● What is needed
Output, exactly as written, the lines below from the one that has "Bird by Nataly Derevyanko" through the one that has "ProRail woest: betonblok"; nothing else, and no pictures.

[[ Data provided open ]]

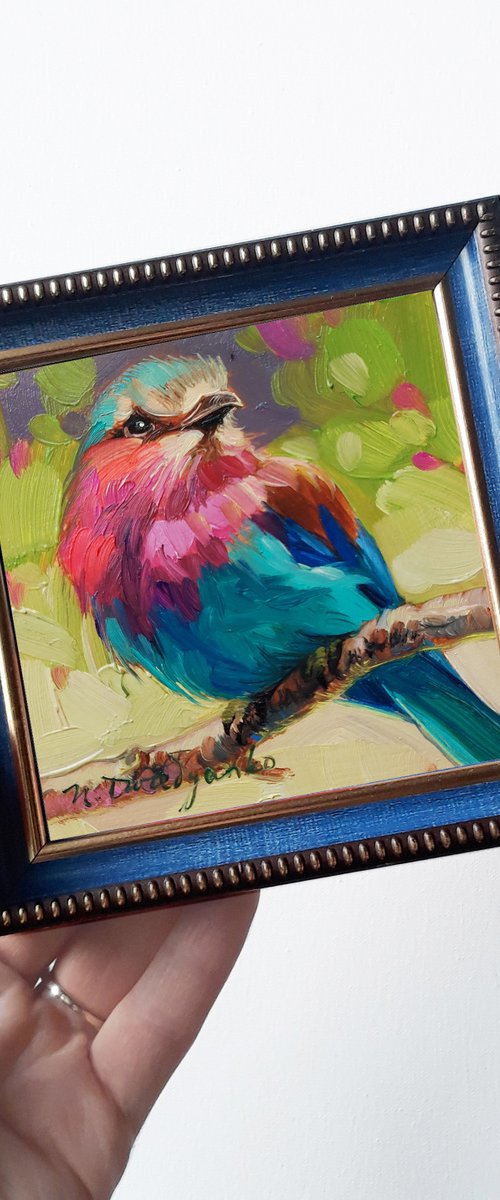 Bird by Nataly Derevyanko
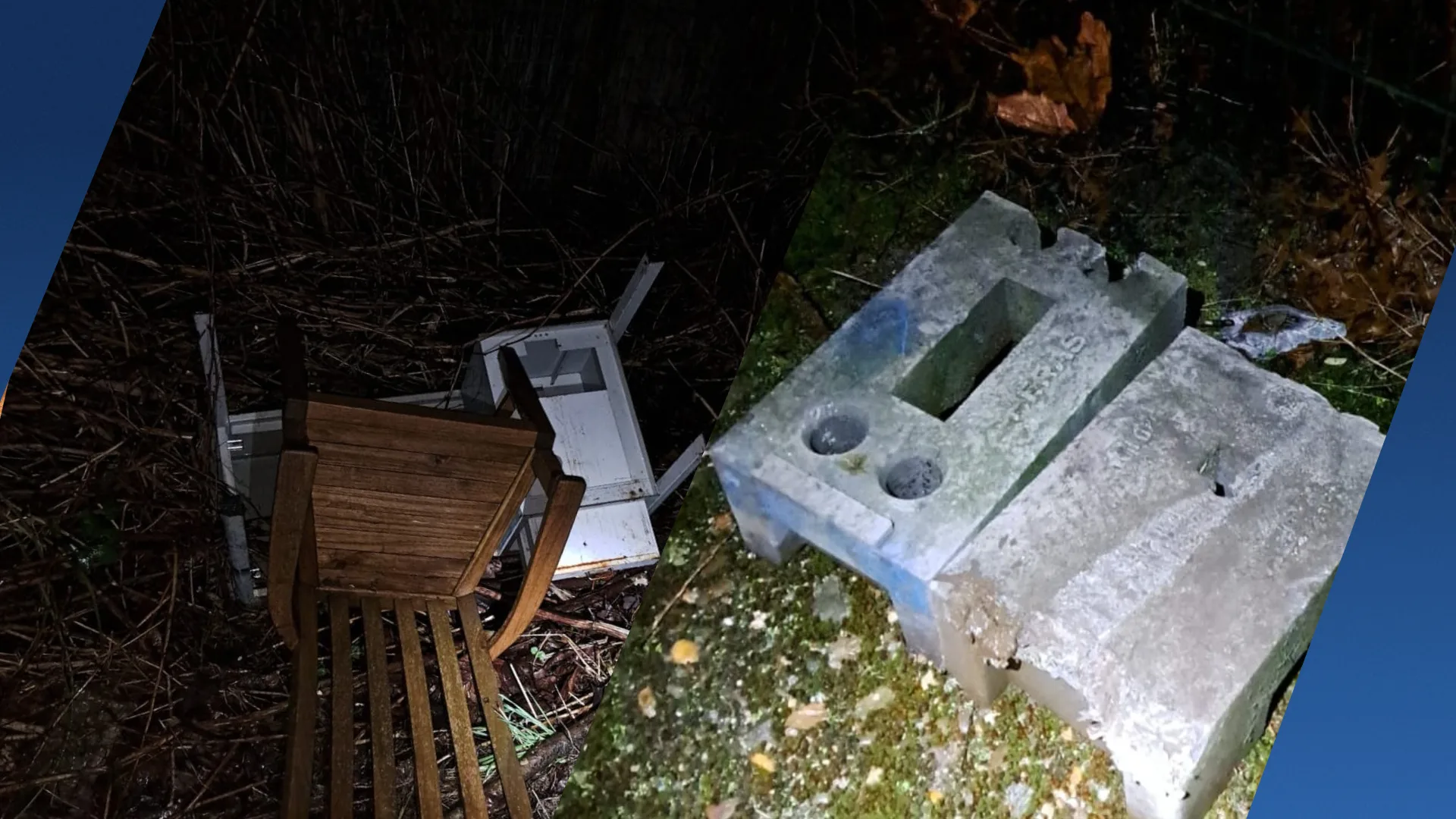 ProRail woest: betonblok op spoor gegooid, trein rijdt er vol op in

[[ Data provided closed ]]
[[ Data provided open ]]

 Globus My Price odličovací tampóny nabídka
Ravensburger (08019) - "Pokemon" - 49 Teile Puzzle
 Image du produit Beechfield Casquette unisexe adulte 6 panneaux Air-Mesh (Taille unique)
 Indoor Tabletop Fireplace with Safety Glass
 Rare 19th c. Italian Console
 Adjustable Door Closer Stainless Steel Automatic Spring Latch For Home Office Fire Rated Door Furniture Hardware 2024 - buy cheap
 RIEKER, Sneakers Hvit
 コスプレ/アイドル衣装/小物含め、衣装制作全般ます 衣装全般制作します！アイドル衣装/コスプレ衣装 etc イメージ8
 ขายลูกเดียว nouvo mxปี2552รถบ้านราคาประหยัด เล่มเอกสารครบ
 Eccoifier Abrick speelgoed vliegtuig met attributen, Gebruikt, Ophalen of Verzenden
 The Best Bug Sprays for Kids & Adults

[[ Data provided closed ]]
[[ Data provided open ]]

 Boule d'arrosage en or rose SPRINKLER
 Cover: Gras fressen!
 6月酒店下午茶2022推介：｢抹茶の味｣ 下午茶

[[ Data provided closed ]]

● The answer
 Bird by Nataly Derevyanko
 ProRail woest: betonblok op spoor gegooid, trein rijdt er vol op in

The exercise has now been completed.